This morning people awoke to an email from a well known Toronto based startup, Sprouter. The content of the email direct “Sprouter Shutting Down August 2nd” and it’s content was heartfelt and seemingly honest;
The email attempts to offer a reasonable explanation for the shut down under the broad term “capital constraints” and that they’ve “simply run out of options”. However, while in theory this is a plausible reason, to me it sounds like there may be other factors at play. I may be totally wrong, so let’s first point out these are my own personal theories so I welcome you to disagree or provide your own theories!
First, Sprouter didn’t have any apparent revenue model. Their pivot from Entrepreneur Social Network to Q&A for Entrepreneurs didn’t solve this either. There weren’t even ads on the site. Here was this wonderful niche site with a targeted community of entrepreneurs. The opportunity was fantastic to charge for ads.
What about partnering with entrepreneur assisting companies?

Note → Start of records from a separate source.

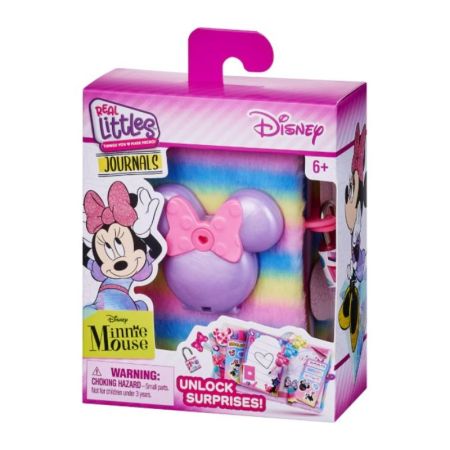 Real Littles mini diarios Disney Minnie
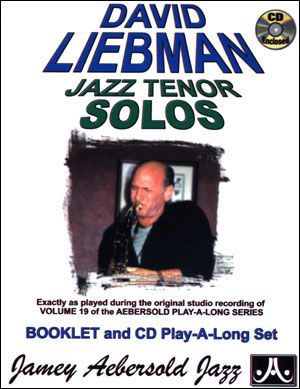 Jazz Tenor Solos.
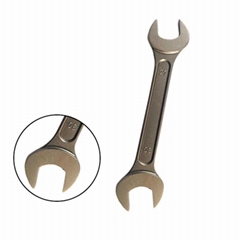 Non sparking Double Open Spanner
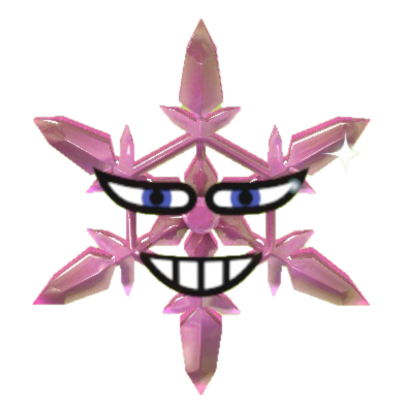 Miitopia Switch Purple Crystal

For example, “Sprouter Financing” where a bank like CIBC or TD could have had a page dedicated towards funding options for startups (which Sprouter could have used themselves). Or another option to develop “Seedling Centers” where businesses with open space (such as less busy restaurants) could offer their space for rent at a low rate, kind of an adhoc communal workspace or a more accepted ‘coffice’.
Or, what about incorporating paid features. For example, Q&A from experts, allowing people to ask one question free per month after which it’s a fee… or perhaps to get your question answered immediately, a “Fast Pass” if you will. How about premium content for a subscription fee? There just seems to be something missing in the “capital constraints” and “run out of options” reason.
Hell, why not even use your own service and ask your experts what they would do to monetize?!
Which is why I suspect there being more to this story…
Maybe it could be buyout that couldn’t be refused (interestingly, and maybe it’s a glitch but if you look up Sprouter on Alexa, it rerouts to qasc.com).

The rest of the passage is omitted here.